Ersan Atar imzalı habere göre, Türk Ceza Kanunu'nda (TCK) "tehlikeli araç kullanıp taksirle adam yaralayanları" cezalandıracak yasa maddesi unutulmuştu. Ve Yargıtay, peş peşe aldığı iki kararla, bu suçu işleyenler için beraat kararı vermişti.
Haberde yeni TCK'yı hazırlayan hukukçulardan Doç. Adem Sözüer'in bir yorumuna da yer verilmişti.
Sözüer Okur Temsilcisi'ne başvurarak tüm düzeltme ve uyarılarına rağmen gazeteye yaptığı açıklamaların yanlış aktarıldığını söyledi. "Söz konusu haber içerik itibarıyla yanlış" dedi.
Sözüer'in açıklaması şöyle:
"Günümüzde bir kanun düşünün, taksirle yaralama suçu unutulmuş. Doğru olsa hukuk tarihinin de en büyük skandallarından biri olurdu! Taksirle yaralama en sık işlenen suçlardan biridir. TCK'nın 89. maddesinde taksirle yaralama suçu açıkça düzenlenmiş. Bu madde mahkemelerce de her gün uygulanıyor. Diyeceksiniz ki, ama Yargıtay söylemiş gazete de bunu haber yapmış. Oysa Yargıtay kararında böyle bir şey söylenmiyor ki. Kararı okuyan muhabir 'taksirle yaralama için madde yok' diye bir anlam çıkarmış."
"Beni (gazeteden) telefonla aradılar, kararı gönderdiler. Ben de karar 'taksirle yaralama' ile ilgili değil, 'tehlikeli araç kullanmak'la ilgili diye uzun uzun anlattım. Teknik hukuki bir konu olduğu için demecimin metnini yollayın, yanlış bir anlaşılma varsa düzelteyim, dedim. Haber metnini gönderdiler. Gerekli düzeltmeleri yapıp gazeteye yolladım. Düzeltmelerin mutlaka dikkate alınması için de not yazdım. Her ihtimale karşı telefonla da arayıp, aman dikkat diye uyardım. Ama hepsi nafile."
"Haber yayınlandıktan sonra Ankara Haber Müdürü Ahmet Dirican ile konuştum.
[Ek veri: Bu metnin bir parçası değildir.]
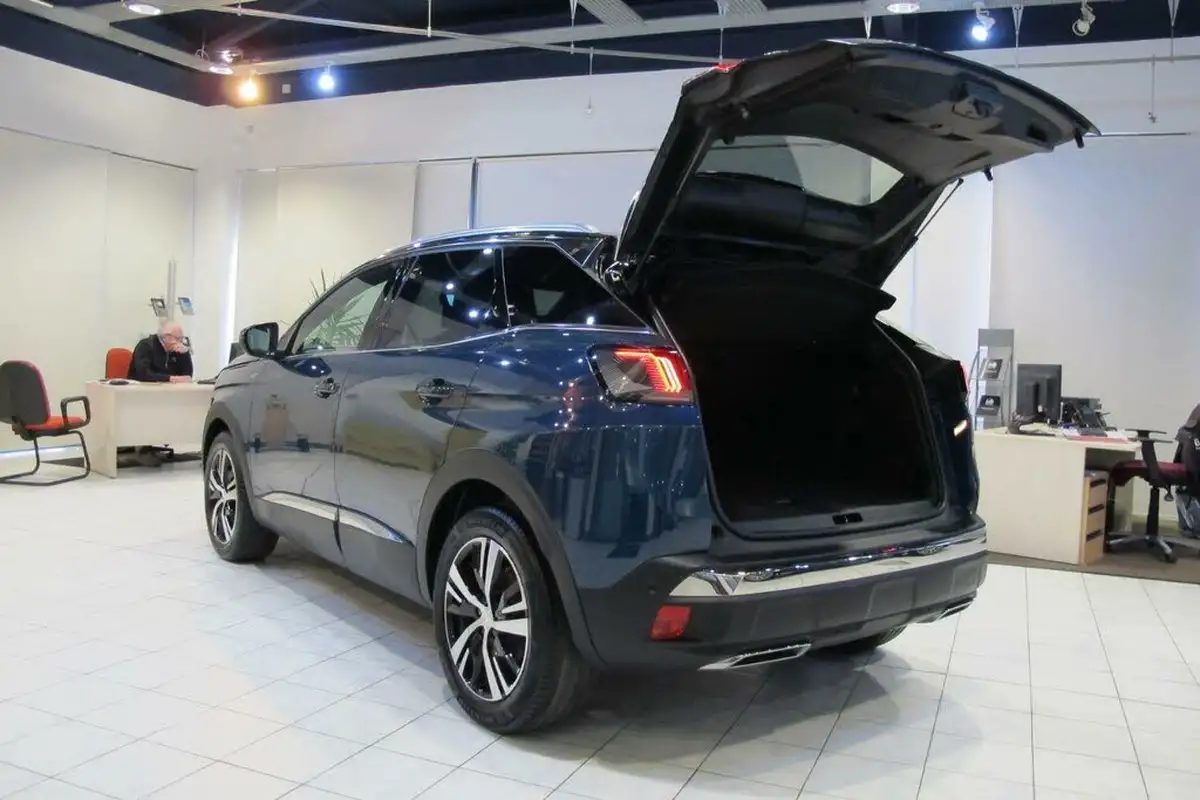2022-peugeot-3008-suv-12-puretech-gt-big-6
Düzeltilmiş metni yazı işlerine yolladığını ama nedense bunun dikkate alınmadığını ifade etti. Israrlı uyarılarıma rağmen nasıl böyle bir şey oldu? Ankara Büro'nun düzeltilmiş metni yolladıktan sonra, konuyu izleyip yazı işlerini uyarması gerekmez miydi?"
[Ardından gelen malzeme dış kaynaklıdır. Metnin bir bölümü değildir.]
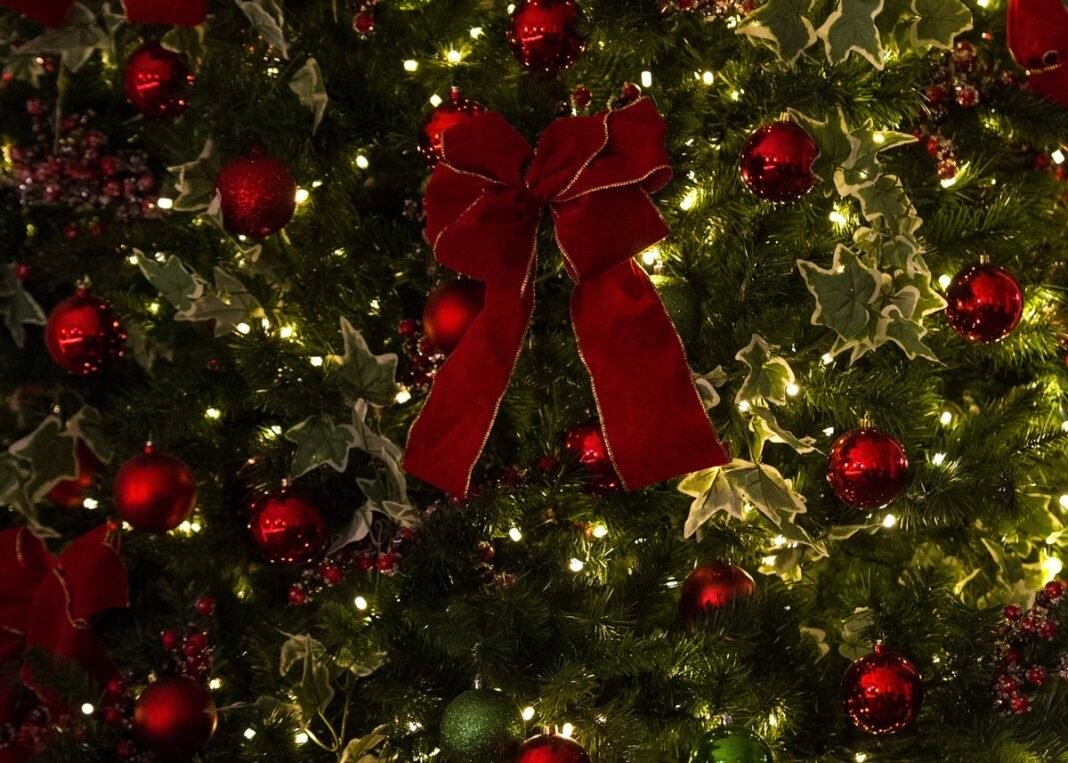 Asal-usul Warna Merah dan Hijau yang Selalu Hadir Saat Natal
"Daha da önemlisi, haberi yapanların bu kadar önemli bir konuyu araştırmaya devam etmeleri gerekmez miydi? Çünkü ya kanun koyucu çok büyük bir hata yapmış, ki buna kanunun hazırlık çalışmalarına katılan, akademisyen, hakim, savcı ve avukatlar da dahildir, ya da Yargıtay tarihe geçebilecek yanlış bir karar vermiştir. Bu durumda da kamuoyunun doğru bilgilendirilmesi için, bir biçimde işin doğrusunu topluma duyurmak gerekmez mi? Çünkü haberde kara trafiğinde taksirle yaralamaya neden olmak suç değil gibi, çok ciddi bir iddia söz konusu."
"Bir uzmandan görüş alınınca bu doğru yansıtılmalı. Bu görüş tatmin edici değilse başka uzmanların da fikrine başvurulmalı. Bunlar yapılmayıp doğru bir Yargıtay kararı ile uzman görüşünü, temelinden değiştirip manşetten yanlış biçimde kamuoyuna aktarılmasının nedeni ne olabilir?"